■ Exercise objective: Set down exactly the lines from the one containing "Middle Atlantic Rackmount" through the last line of the data below, and no others.

■ Recorded information:
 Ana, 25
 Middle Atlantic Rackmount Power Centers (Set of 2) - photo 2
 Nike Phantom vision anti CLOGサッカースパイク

■ Solution:
 Middle Atlantic Rackmount Power Centers (Set of 2) - photo 2
 Nike Phantom vision anti CLOGサッカースパイク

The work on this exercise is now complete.